A federal agency created to restore confidence in the election process in the wake of Bush v. Gore sits all but leaderless as the country approaches Election Day.
As local election officials scramble to sort out last-minute issues — Palm Beach County, Fla., for example, recently hired dozens of workers to hand copy about 27,000 misprinted absentee ballots — the U.S. Election Assistance Commission operates, on its 10th anniversary, as a shell of what Congress designed it to be.
Its four commissioner spots are vacant. The executive director resigned last year. Its general counsel left in May. It has lacked a quorum to conduct official business for almost two years. Congressional gamesmanship has hamstrung the commission by neither giving it necessary resources nor eliminating it outright.
“It’s a national embarrassment that this agency, whose only mission is to provide information, doesn’t have a single commissioner,” said Rick Hasen, an election law expert at the University of California, Irvine.
Congress created the commission as part of a larger effort to support state- level election procedures in the aftermath of the contested 2000 presidential election and the subsequent Supreme Court decision in Bush v. Gore.

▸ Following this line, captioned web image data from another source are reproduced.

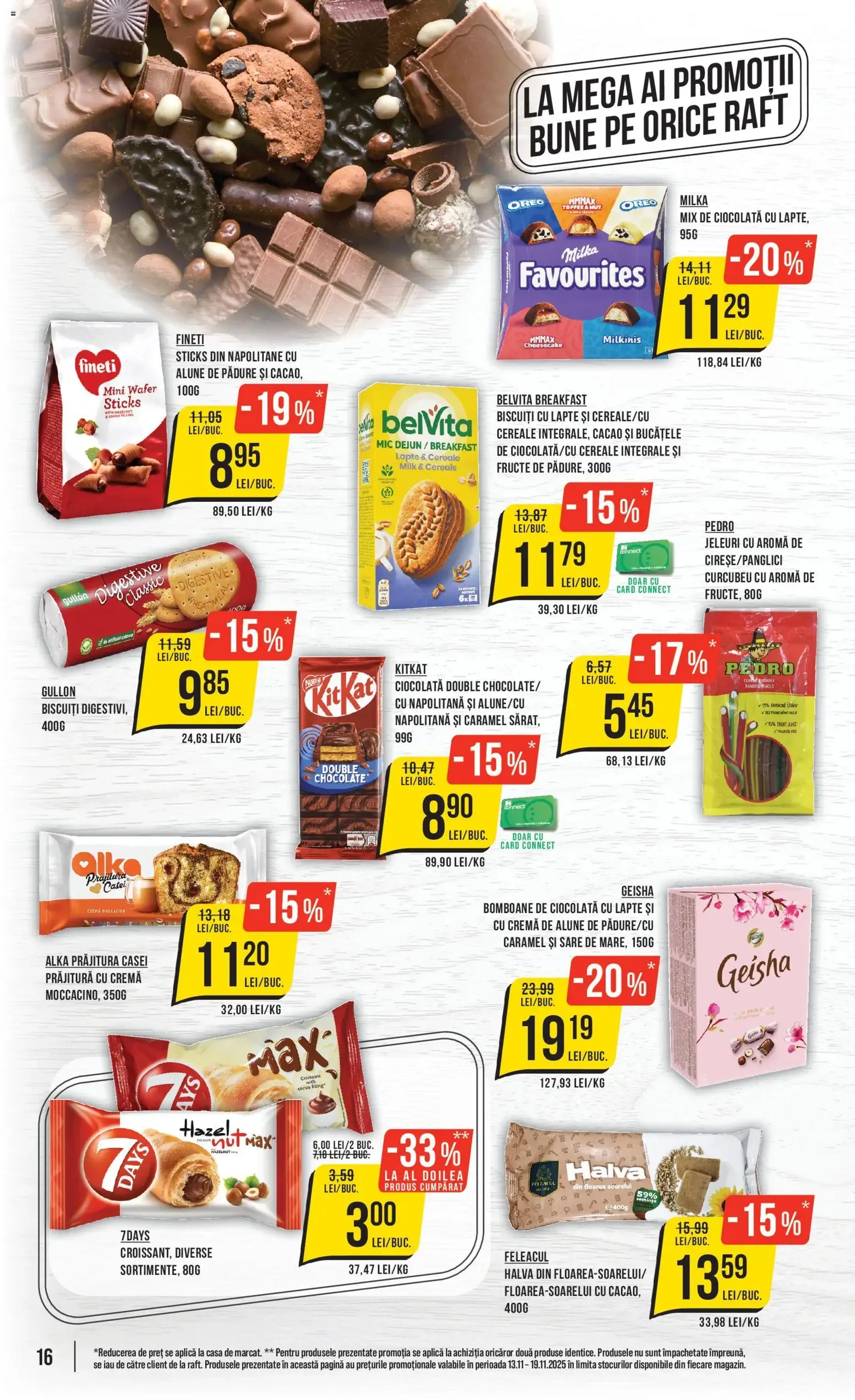 Mega Image Black Friday - cataloage valabile începând cu 13.11.2025 pagina 16 din 24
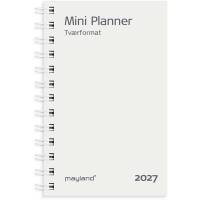Mini Planner ugekalender REFILL 2027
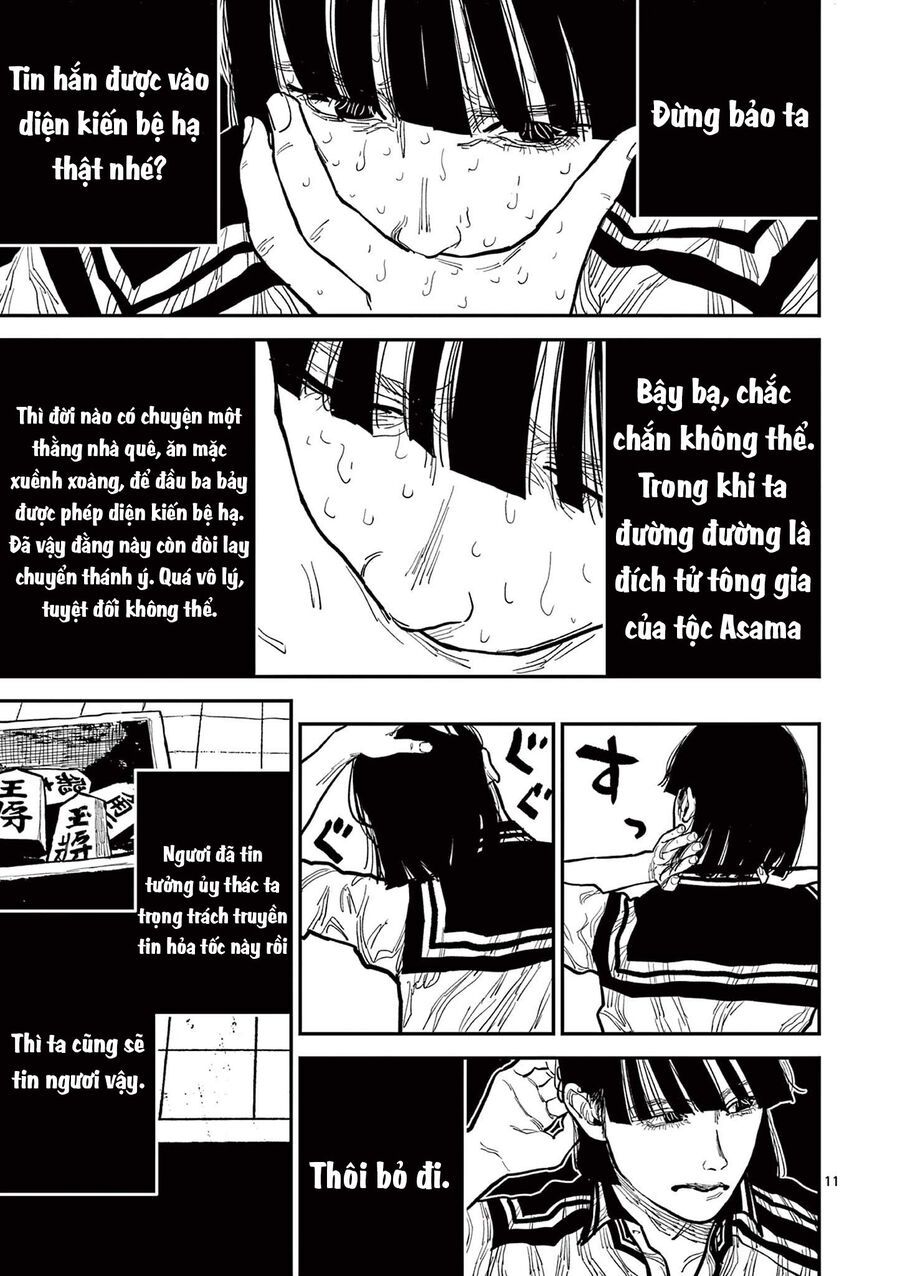 Nhật Bản Thời Kỳ Loạn Tam Quốc Chapter 17 - 12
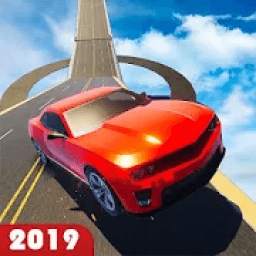 Car Stunts 2019 - New Tricky Tracks Stunt Car Game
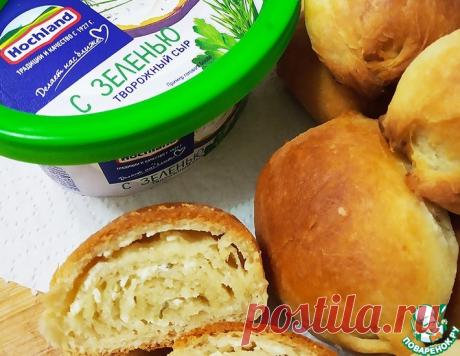 Булочки с сыром – кулинарный рецепт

President George W. Bush signed the Help America Vote Act into law in October 2002, just days after it passed the House and Senate with broad bipartisan support.

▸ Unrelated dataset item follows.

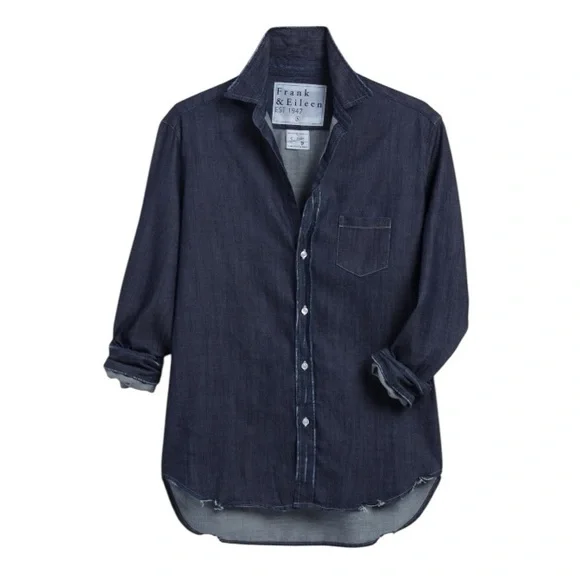 Frank & Eileen EILEEN Relaxed Button-Up Shirt
Size Small - Picture 4 of 4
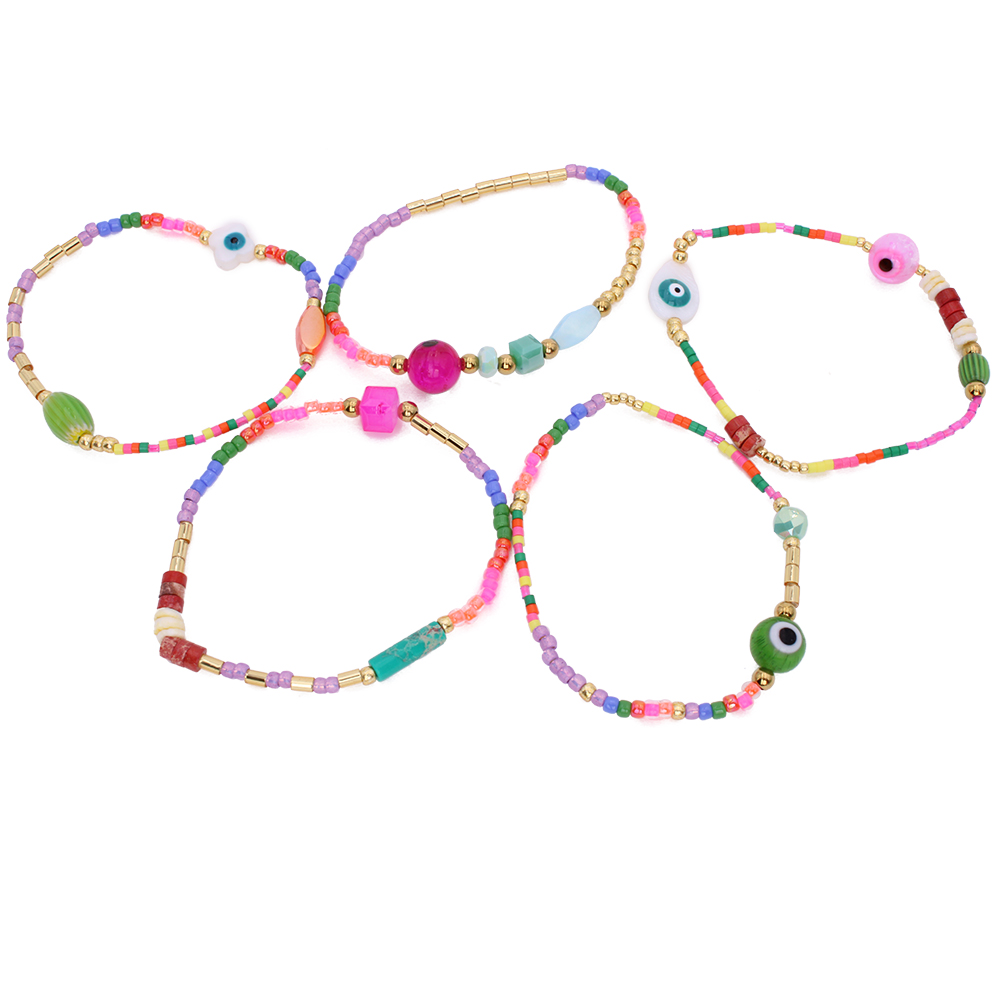 Hypnochic Vamos Summer bracelet œil bleu profond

The EAC has two Democratic commissioners and two Republican commissioners who are recommended by Congressional leaders, nominated by the White House and confirmed by the Senate. It was given more than $3 billion to dole out to states for improved election administration. Other responsibilities include acting as a repository of effective election processes, developing voluntary voting-system guidelines, setting up procedures to certify the laboratories that test voting equipment and ensuring that states are upgrading their technology.
The original commissioners say they took the agency’s bipartisan mission seriously. Former Republican Commissioner Paul DeGregorio recalls meeting with Democratic Commissioner Gracia Hillman at a Washington, D.C., Starbucks before they were confirmed. The pair said they didn’t want the agency to resemble the Federal Election Commission, which has become emblematic of Washington gridlock.
“The four of us had that in the back of our minds, the partisan bickering and the 3-to-3 votes on the FEC,” DeGregorio said in a recent interview.
“We knew that we were there representing our party affiliation, but we wanted to work in a bipartisan way,” Hillman said.
The commissioners’ desire to achieve consensus was not as popular outside the agency, even with some designees on its advisory boards. During DeGregorio’s final year on the commission, those familiar with the agency’s work said he was getting “unnecessary grief” for not being “Republican enough.”
A movement started to ensure that DeGregorio would not be re-nominated and instead be replaced by a more partisan commissioner. The “ringleader,” according to multiple sources, was Hans von Spakovsky, a legal fellow at the conservative Heritage Foundation who was then a Justice Department attorney who sat on one of the commission’s boards. Von Spakovsky called the charges “silly back street stories that have been repeated for years.”
“Nobody at the White House would even have thought to call me to ask who should be a commissioner on the EAC,” von Spakovsky said in an interview.